I have been watching the “Walking in Memphis” commercial from Facebook’s More Together campaign, and I think it’s an interesting case study in storytelling for better and for worse.
The people who made this spot clearly know their stuff. They embrace conflict to engage the audience, they suggest a deeper meaning that could make the communication feel relevant, and they express a purpose that I could get on board with. But ultimately, they’re not quite honest enough to make me believe that it’s the actual Facebook story I’m seeing here. It leaves me wondering, in the words of the song, “Do I really feel the way I feel?”
I know what they want me to feel because they’ve done an excellent job of laying out the clues. On the surface, the spot is moving and bittersweet, like the ache of homesickness. It’s a montage of regular folks, along with some more unusual characters, going about their lives while singing along to the 1991 Top 40 hit “Walking in Memphis” by Marc Cohn. (Here’s a link, if you haven’t seen it.) Some of the scenes tug immediately and powerfully at my heartstrings, like the father cooing the lyrics to his toddler daughter or the forlorn woman crying them in her car on a rainy night outside a 24-hour bail bonds office. But as the spot concluded, I couldn’t help feeling a different kind of pang.
Yes, Facebook does what the ad shows. It connects me and helps me share what I’m feeling with friends and loved ones, close and distant—and I’m grateful for that. But that’s not the Facebook story I’m worried about in 2019. What the ad shows is the generic promise of social media. And I suppose that Facebook, as the largest player in the category, benefits more from the expression of that promise than any of its competitors. But what’s left out is all the stuff that worries me about social media in general and Facebook in particular—the stuff about big data and privacy, about manipulation and exploitation.

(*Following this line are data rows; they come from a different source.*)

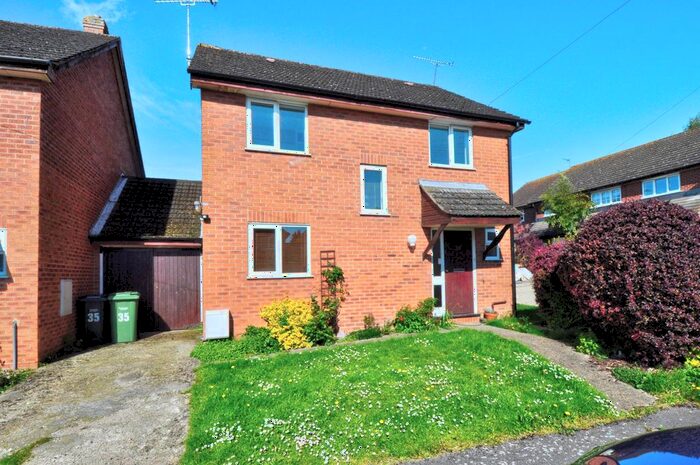 4 Bedroom Link Detached House To Rent In Kings Orchard, Wallingford, OX10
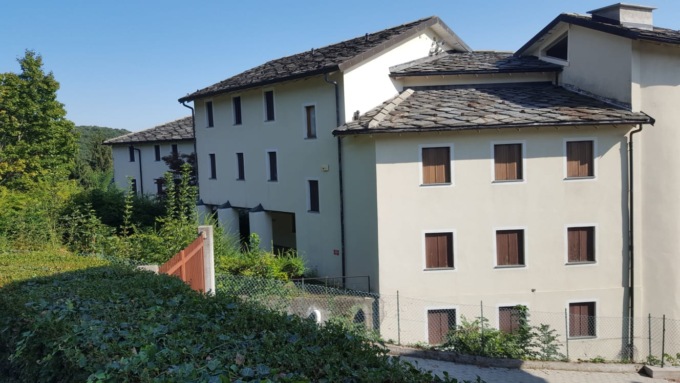 Ex asilo a Castelnuovo Nigra, con una lettera si riaccende il dibattito sul futuro della struttura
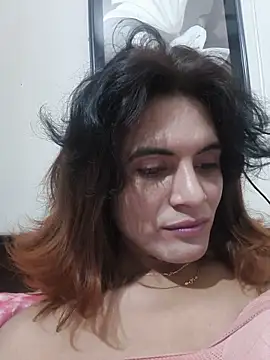 Snapshot of SexyShila-97 chatting on 19, 6, 2026 SexyShila-97 online show from 19, 6, 2026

Facebook has always been a misdirect, a service that only appears to be free because the actual product is us, the people using the site. Now I don’t mind that misdirect so much that it would compel me to stop using Facebook. I kind of know what they’re up to, and I’m generally willing to go along with it. I understand that the money earned by selling the aggregated data of all the users is what pays for the services that I enjoy. As long as that’s all Facebook is doing and it is not being overly greedy or evil about it, I’m okay. Sometimes, though, they make me question that bargain—like when they conduct literal experiments on me by manipulating what shows up in my feed in order to influence my emotions or when it comes to light that Facebook has been sharing the content of my private messages or when it is accused of what amounts to complicity in manipulating the outcome of an election. At this point, I feel like I’ve put up with a lot, and I’m starting to feel more than a little squeamish about the bargain I seem to have made with Facebook. That’s why I wish they would quit pretending that they are only about connecting me with my loved ones and bringing the world together. I wish they would own up to their whole story.

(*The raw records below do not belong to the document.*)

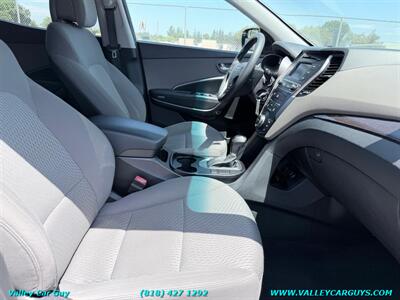 2018 Hyundai SANTA FE Sport 2.4L - Photo 11 - Reseda, CA 91335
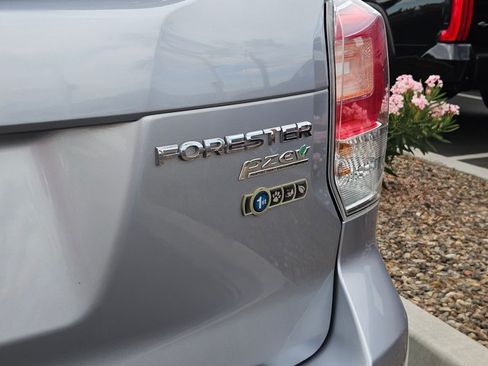 Used 2017 Subaru Forester 2.5i Premium w/ Popular Package #2A AWD/4WD image 28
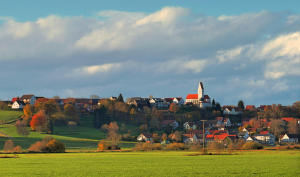 ... ebenso die Kirche vom Burtenbacher Ortsteil Kemnat.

It’s because I know the other part of their story that my subconscious digs deeper to fathom a meaning. On the surface, this spot is all about the belief that connection brings us closer, but something much darker lurks underneath. In the spot we get to see all these powerful, touching, personal, emotional moments of vulnerability that people experience and share with their friends and loved ones. Meanwhile, Facebook is also recording, studying and using these same moments for its own purposes. I know the ones in the spot are staged, but in the end, Facebook is using these intimate moments to drive an emotional response that promotes and benefits Facebook so that it can continue to make money by selling information about me and everyone else on the platform.

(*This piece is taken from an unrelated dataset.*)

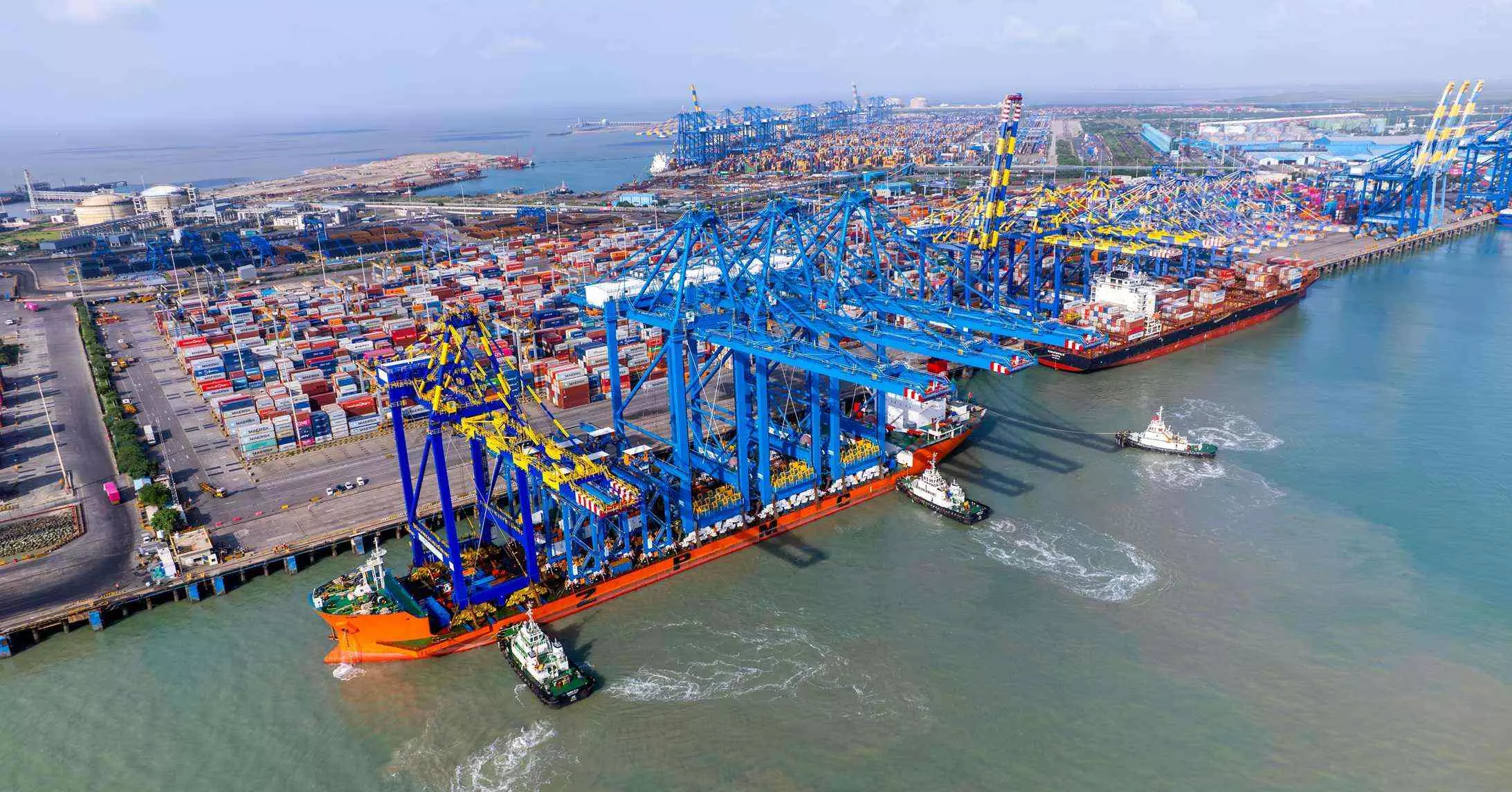 DP World Mundra drives growth with new crane and electric RTGCs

The dark message of the ad is the shadow of what Facebook wants me to believe. Presumably the intention of the marketers is to persuade people that Facebook is a uniting force for good. But if you are already uneasy about Facebook, then the meaning you might take away from this communication is not that connection brings us closer but that being open, trusting and emotional makes us vulnerable to coldly rational predators who will use everything we give them to make more money.
Do I really think that’s what Facebook believes? No. I think they live in the tension between their interest and ours, between the rational and the emotional, between being open and being private. But the more often and vigorously they pretend that there is no self-interested, practical, rationally motivated shadow side to their story and the more they leave themselves out of the telling and pretend it’s all about me, the more I am inclined to suspect that it is the darker force that ultimately shapes who they are.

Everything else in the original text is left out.